In TGD framework hyper-finite factors of type II1 emerge naturally at the level of WCW since fermionic Fock space provides a canonical representation for them and their inclusions provide an elegant description for finite measurement resolution: the included algebra generates states which are not experimentally distinguishable from the original state.
- Against this it is astonishing that AdS/CFT duality has very simple generalization in TGD framework and emerge from a generalization of General Coordinate Invariance (GCI) implying holography. Strong form of GCI postulates that either the space-like 3-surfaces at the ends of causal diamonds or the light-like orbits of partonic 2-surfaces can be taken as 3-surfaces defining the WCW: this is just gauge fixing for general coordinate invariance.
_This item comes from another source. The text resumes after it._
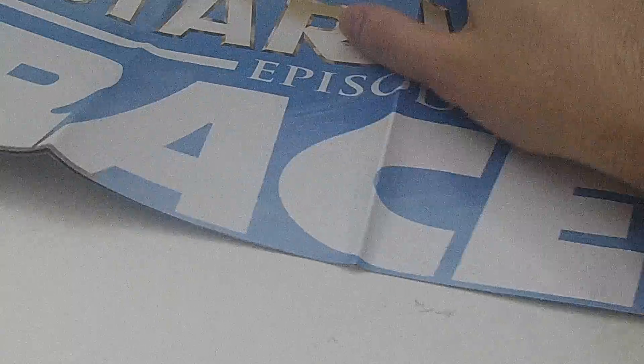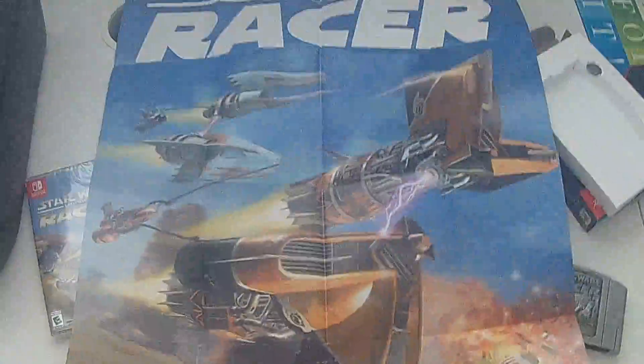Let's try and take a quick look at this poster here, if we can get this all opened up. I think it's just probably the front cover. Yeah, so just to show the front cover there.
If this is true then partonic 2-surfaces and their 4-D tangent space data at the boundaries of CD must code for physics. One would have strong form of holography. This might be too much to require: string world sheets carrying induced spinor fields are present and it might be that they cannot be reduced to data at partonic 2-surfaces.
In any case, for this duality the 10-D space of AdS/CFT duality would be replaced with space-time surface. Mn would be replaced with the light-like parton orbits and/or space-like ends of CD. Surprisingly, this holography would be very much like holography in its original form!
For references see the chapter TGD and M-theory of "Overview about TGD" or the article What went wrong with symmetries?.